Sean Karns - Poet in Action


Jar of Pennies

The year my mother worked
the slaughterhouse,

she came home smelling of blood:
a jar of pennies smell.

I squeezed her pant leg
and felt the dried blood

itching like wool.
She pushed me

away, not wanting any more
smells on her.

She told me about
the cows collapsing

in the slaughter room,
the pigs tugging and tugging

their bodies from her grip,
and how the blood washed

from her hands.
We only ate chicken

for that year.
Her ex-boyfriend knocked

on the door. The last time
he was in the house,

he pulled and pulled
at her arms, then pinned her

on the couch.
I sat at the dinner table,

fumbling with dinnerware.
She washed the blood

off her lips. We only needed steak
for her black eyes.

For a long year, my hands
smelled of pennies,

and my face was red with rashes
from wool. We ate chicken

and ignored the knocking
at the door. Locked it,

bolted it, made sure
we didn’t make noise.


The speaker in Sean Karns' "Jar of Pennies" is remembering a traumatic period of his life when his mother would come home from work and smell like blood. The speaker describes the blood's smell as resembling the smell of a "Jar of pennies."

Sean Karns' "Jar of Pennies" is dramatizing that dreadful a year in his life that held disgust and fear for him because of his mother's job and her ex-boyfriend. In nineteen couplets, the poem moves its drama through eerie images.

First Movement: "The year my mother worked"

The speaker reveals his observation from his childhood that his mother came home "smelling of blood" after her shift of work at the slaughterhouse. Luckily for the mother and the speaker, she worked at that distressing facility only a year.

The speaker likens that smell of blood to a jar of pennies. The smell of blood does, in fact, remind most people of a metallic smell, probably because blood contains iron.

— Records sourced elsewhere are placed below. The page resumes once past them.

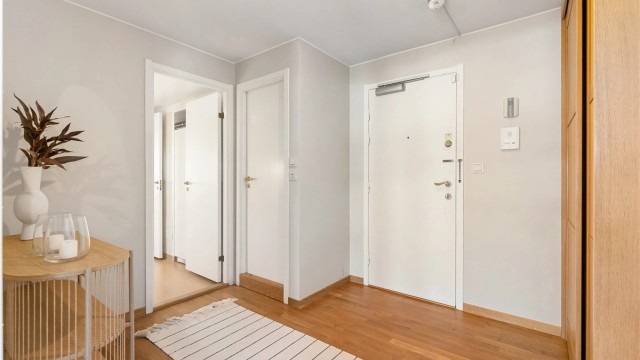 En romslig entré med lyd- og brannklassifisert dør ønsker velkommen inn.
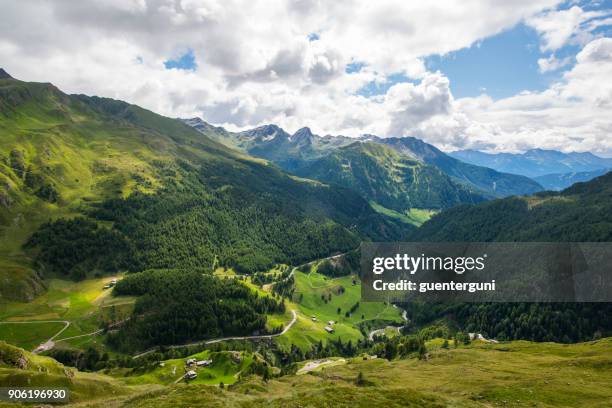 blick von der timmelsjoch ins passeiertal, italien - grenzbaum stock-fotos und bilder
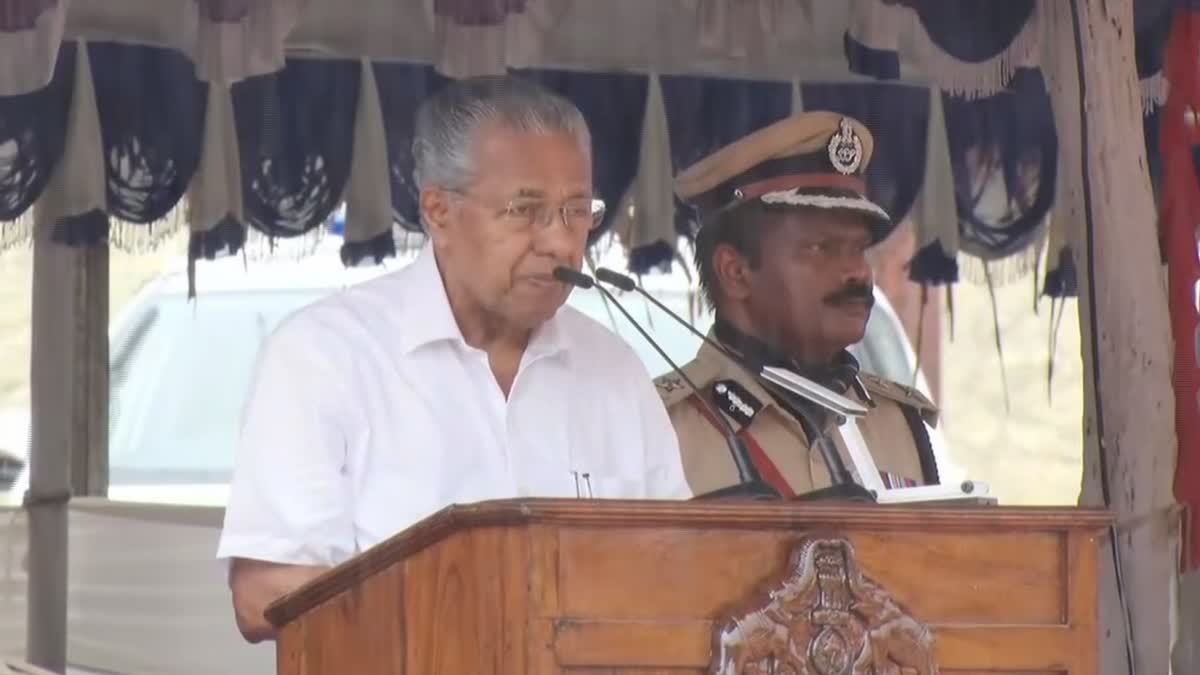 CM HOISTED FLAG IN TRIVANDRUM  KERALA INDEPENDENCE DAY CELEBRATION  CM PINARAYI VIJAYAN  LATEST NEWS IN MALAYALAM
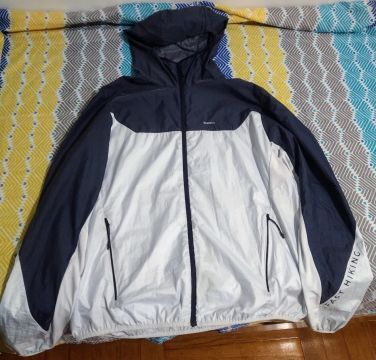 Casaco Masculino de Trilha FH500 Helium Wind Quechua (seminovo) - G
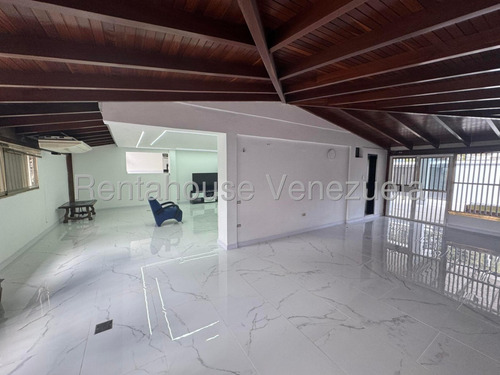 Tm. #25-13675. Casa Totalmente Remodelada En Venta, En El Cafetal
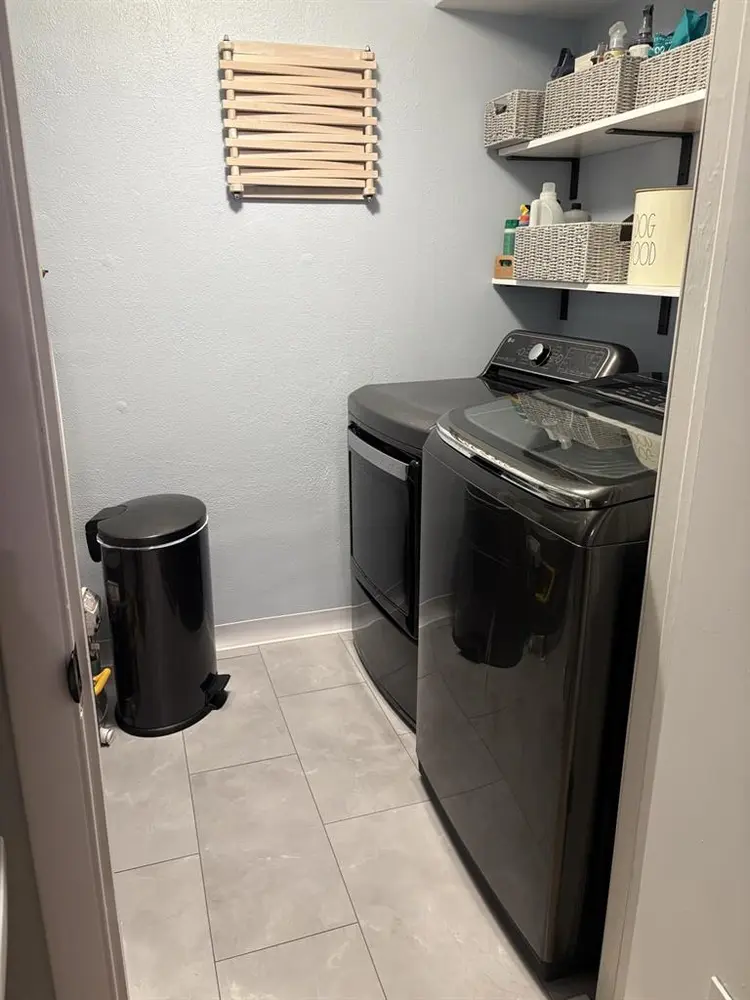Roommate wanted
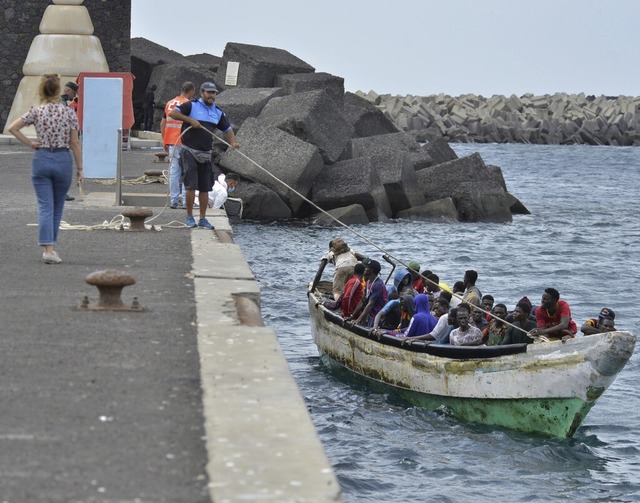 Migranten kommen in einem Boot auf der...o die Zahl der neu Ankommenden wchst.  | Foto: Europa Press (dpa)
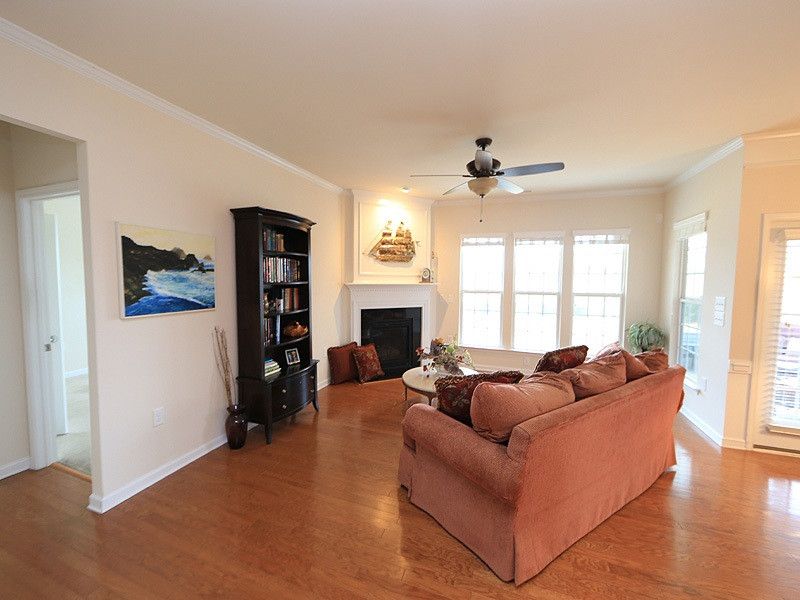 625 Bloomsbury Pl, Cary, NC 27519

The jar of pennies functions here to describe the smell of blood, but it also implies that the speaker's family probably lived at the poverty level. Instead of a jar of change with nickels, dimes, quarters, he places only pennies in his jar.

And the impoverished circumstances do not stop at finance but continue into the very relationship between mother and child.

When as a child, he would run to hug his mother and "squeeze[ ] her pant leg," she would rebuff him, "not wanting any more / smells on her," a reaction that perhaps reveals selfishness on the part of the mother that she was concerned only about having smells on herself and not the fact that she might impart that smell of blood to her child.

Although one might consider the opposite: she might not have wanted the slaughterhouse smells to be transferred to her child. The reader can interpret only from the child's point of view.

Second Movement: "She told me about"

The speaker reports that his mother would tell him about the animal reactions to their impending deaths at the slaughterhouse, how the cows would collapse, probably after being battered in the head by hammers. She told him how the pigs would be "tugging and tugging / / their bodies from her grip."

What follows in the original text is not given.